Commosso, mi promise che avrebbe fatto tutto il possibile per lasciarci fuggire, ma bisognava attendere il momento propizio, di notte e durante un suo turno di guardia. Disse di rimanere

tranquilli ma pronti nello stesso tempo; ci consigliò di avvisare i nostri congiunti, perché sarebbero state costretti a fuggire con noi, per non divenire oggetto di dure rappresaglie... Le nostre famiglie benché fossero in difficolta, con molti bambini e molte persone anziane al seguito, decisero di attenderci. Il momento opportuno per la fuga arrivò. Un giorno, mentre la maggior parte dei soldati  si era recata a dare il cambio in prima linea, Federico ci comunicò l’ora della fuga: durante il suo turno di guardia, dalle tre alle otto del mattino.

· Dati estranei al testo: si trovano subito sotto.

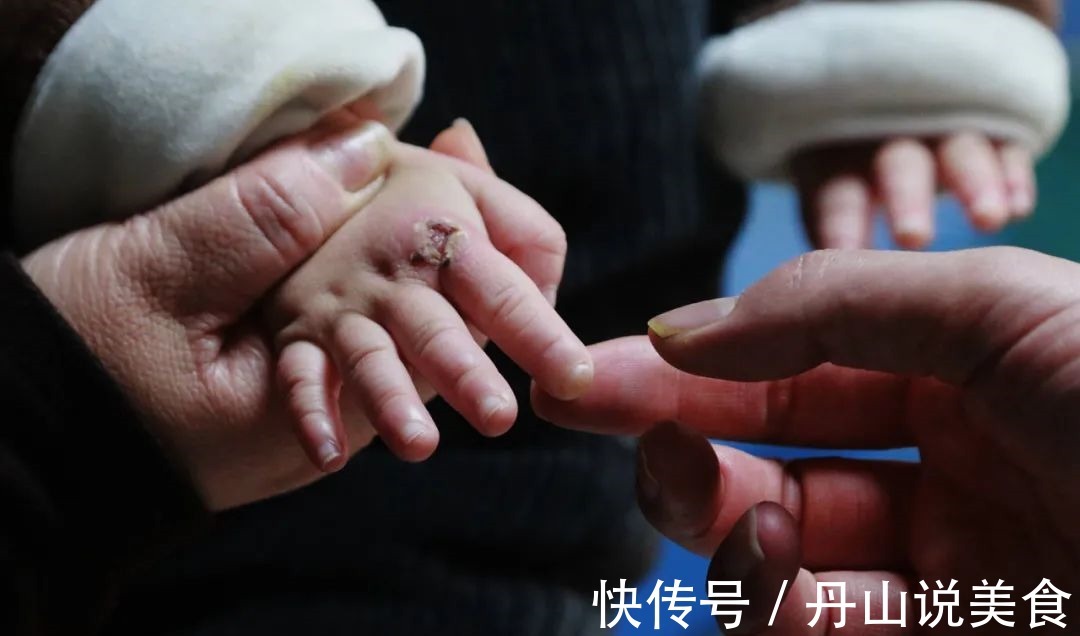 治疗费|漂亮女童身怀“特异功能”,没有痛觉,不会出汗,爸妈却因她流泪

Riuscimmo ad avvisare le famiglie, che erano già tutte pronte. Era il 29 Aprile 1944.

Federico alle tre e trenta del mattino ci liberò, avvertendoci che avevamo tre ore di tempo per allontanarci il più possibile, dopo avrebbe dato l’allarme. Mi prese da parte, vicino al cancello di uscita del casolare e volle donarmi uno zaino pieno della biancheria trovata nelle botti, quella stessa biancheria che gli altri tedeschi avevano spedito in Germania. Mi abbracciò forte e mi disse: “Antonio, corri e non farti riprendere...per te la fuga e l’unica possibilità di restare ancora vivo. Se ti prendono...ti fucileranno”. Con le lacrime agli occhi scappai via, raggiunsi i miei familiari e prendemmo la strada per Piumarola in direzione nord.

Ho avuto, dopo la guerra, la possibilità d’incontrare sia a Cassino che all’Estero molti ufficiali tedeschi ed alleati conosciuti a quei tempi, ma il sergente Federico, che ci fece fuggire, non l’ho più rivisto. Io lo ricordo sempre con gratitudine e riconoscenza, sperando che sia uscito incolume dal Calvario di Cassino.